Figure 1 shows the revenue per MWh of electricity generated (£/MWh) for the most recent two financial years. For Beatrice this is the years up to 31 March 2021 and 2022. For the others it is for the two years ending 31 December 2020 and 2021. The horizontal dashed lines show the BEIS forecasts of the Levelised Cost of Energy for Offshore wind farms. The red line shows their estimate (£100/MWh) for new farms coming on stream in 2025, taken from the 2016 report. The 2016 estimate for new capacity in 2020 was £106/MWh. The green line shows the estimated cost for offshore wind farms coming on stream in 2025 (£57/MWh) taken from the 2020 report. In each case, the actual prices achieved are far higher than the estimates for new farms in 2020.
Figure 1 – Revenue per MWh generated by Year for Selected Offshore Windfarms
To some extent, this is to be expected because the Government is anticipating improvements in technology to bring costs down in the future. Sheringham Shoal came on stream in September 2012, Dudgeon in February 2017, Beatrice in July 2018 and East Anglia One in July 2020. Looking at Dudgeon, Beatrice and East Anglia One, it does look like there is a general trend downwards in the price of electricity sold for the more recent wind farms. However, East Anglia One that came into operation in 2020, received prices for its electricity 18.8% more expensive than the Government forecast in 2016 for new wind farms in 2020. Moreover, because the CfD contracts are index linked, the prices per MWh rise year on year.
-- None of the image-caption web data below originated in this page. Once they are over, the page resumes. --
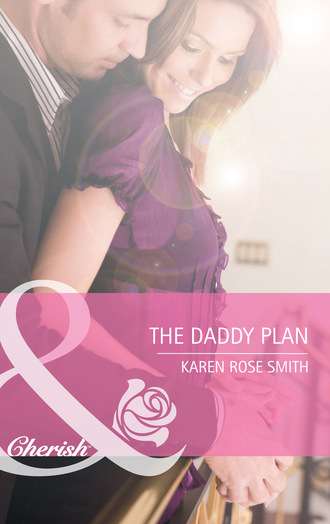 Karen Rose Smith. The Daddy Plan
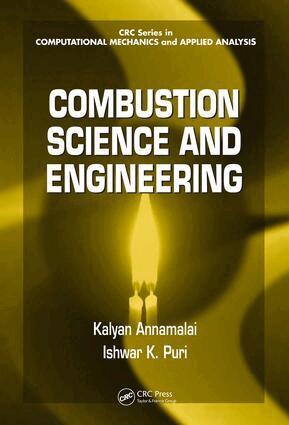 Kalyan Annamalai, Ishwar K. Puri - Combustion Science and Engineering, E-bok
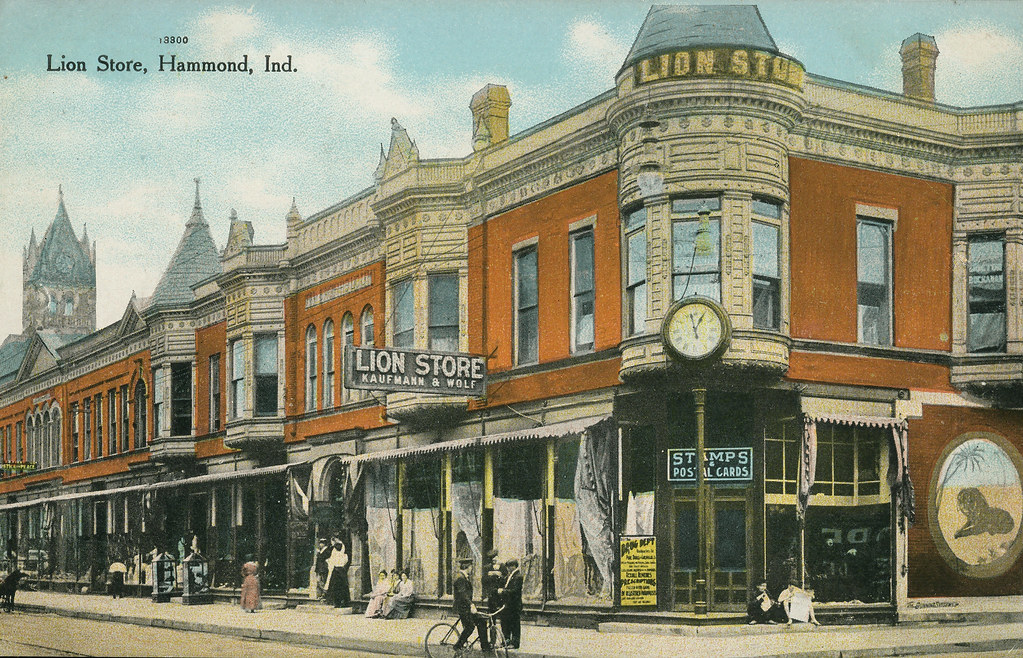 Lion Store, circa 1910 Hammond, Indiana Lion Store, Hamm… Flickr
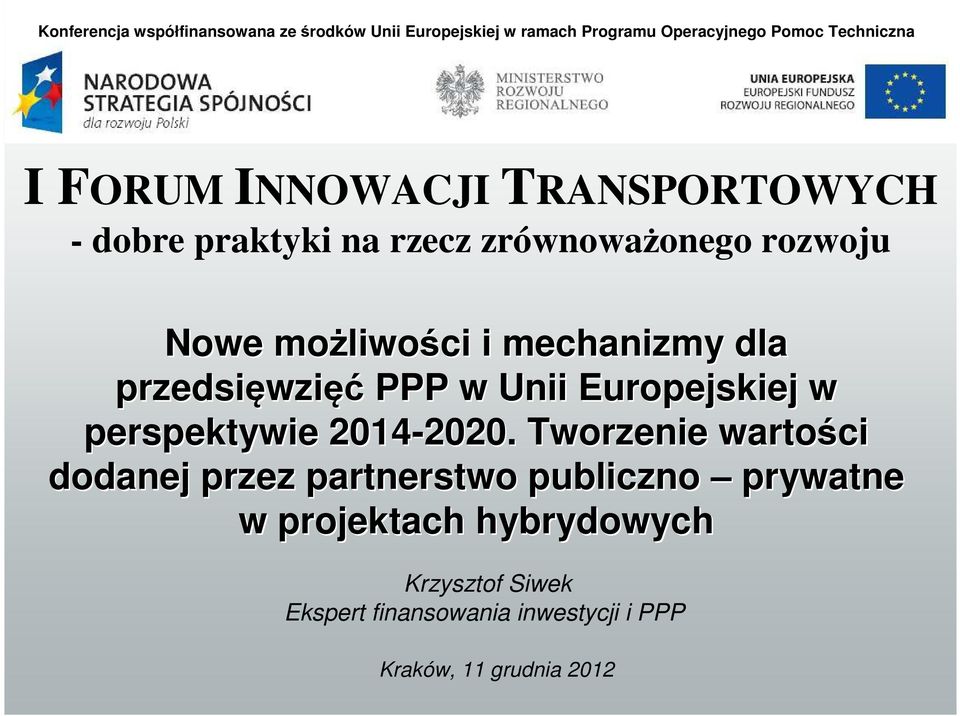 przedsięwzi wzięć PPP w Unii Europejskiej w perspektywie 2014-2020. 2020.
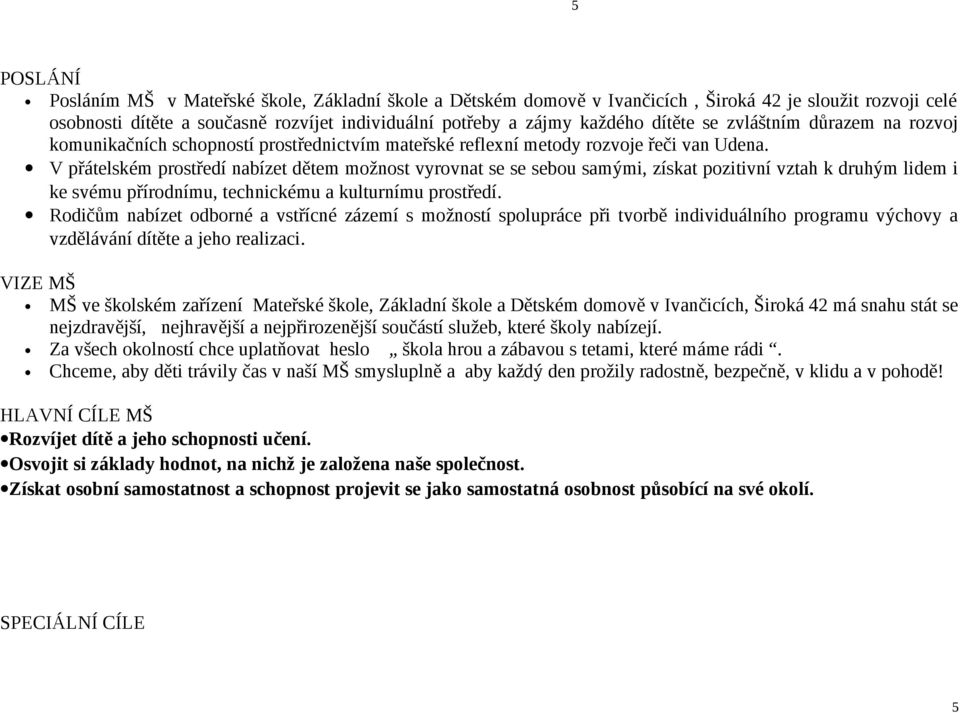 V přátelském prostředí nabízet dětem možnost vyrovnat se se sebou samými, získat pozitivní vztah k druhým lidem i ke svému přírodnímu, technickému a kulturnímu prostředí.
Aficionados of the UK offshore wind sector may ask why Hornsea One and Hornsea Two have not been included in the analysis above. The answer is that these wind farms are operated by Ørsted and their published accounts do not disclose the amount of power generated, so it is not possible to determine their actual performance. Hornsea One was fully commissioned on 28 December 2019 and has a CfD for £140/MWh recorded in its favour, some 32% above the Government’s forecast for 2020. Hornsea 2 began operation at the end of August 2022 and had signed an CfD with a strike price of £57.50/MWh. Similarly, Triton Knoll and Moray East agreed CfDs with strike prices of £74.75/MWh and £57.50/MWh respectively at 2012 prices. However, it has been reported that these farms have not taken up their CfDs and are instead selling power at much higher prices. Of course, these CfDs are index-linked, so by the time they take them up, the strike prices will have risen.
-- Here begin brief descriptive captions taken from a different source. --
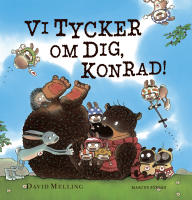 Vi tycker om dig, Konrad!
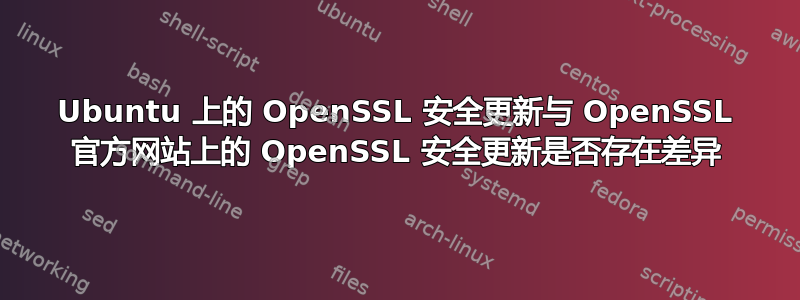 Ubuntu 上的 OpenSSL 安全更新与 OpenSSL 官方网站上的 OpenSSL 安全更新是否存在差异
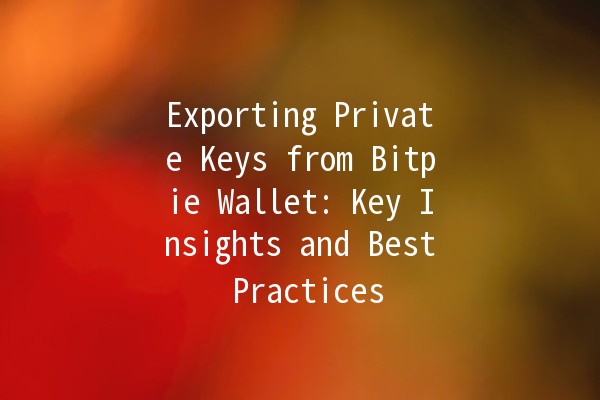 Exporting Private Keys from Bitpie Wallet: Key Insights and Best Practices 🔑💰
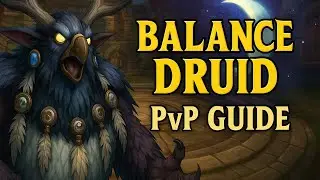 The Ultimate Moonkin PvP Guide – Talents,stats,rotation etc - The war within 11.1.5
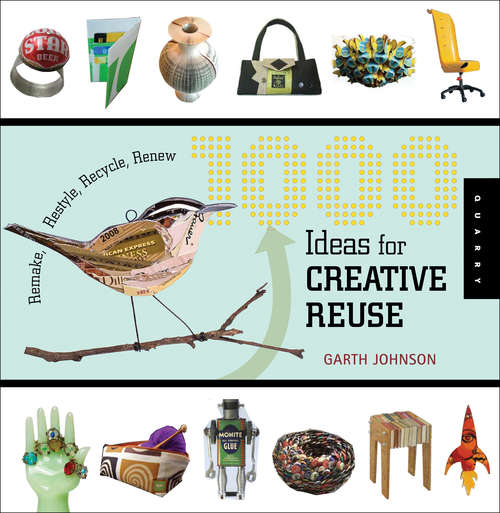 Book cover of 1000 Ideas for Creative Reuse: Remake, Restyle, Recycle, Renew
Given that new windfarms coming on stream around 2020 are nowhere near meeting the Government’s forecast for 2020 and lobbyists are already bleating about AR4 agreed prices, it’s not looking good for the 2025 forecasts made in 2020. Let’s dig a bit deeper into the factors that make up the price of offshore wind energy.
Factors Governing Wind Farm Costs
There are a number of factors governing offshore wind farm costs. They include initial capital costs for construction and infrastructure, cost of capital, build time, load factor the expected life of the asset. Between the 2016 and 2020 reports, the Government has made some important changes to its assumptions for wind farms coming on stream in 2025. These are shown in Figure 2.
Figure 2 – Changes to Offshore Wind Cost Factors
The reference size has increased from 844MW to 1,000GW. This is probably justified given that windfarms that have come on stream recently have been larger than 1GW. The load factor has increased from 47.67% to 51%. The construction time has been reduced by 33% from three years to two years. The expected lifetime of the wind farm has increased 36% from 22 years to 30 years. Construction costs have fallen 28% from £2,100/kW of capacity to £1,500/kW. The fixed operation and maintenance costs have decreased 20% from £45,400/MW/yr to £36,300/MW/yr and very importantly, the hurdle rate cost of capital has fallen from 8.9% to 6.3%.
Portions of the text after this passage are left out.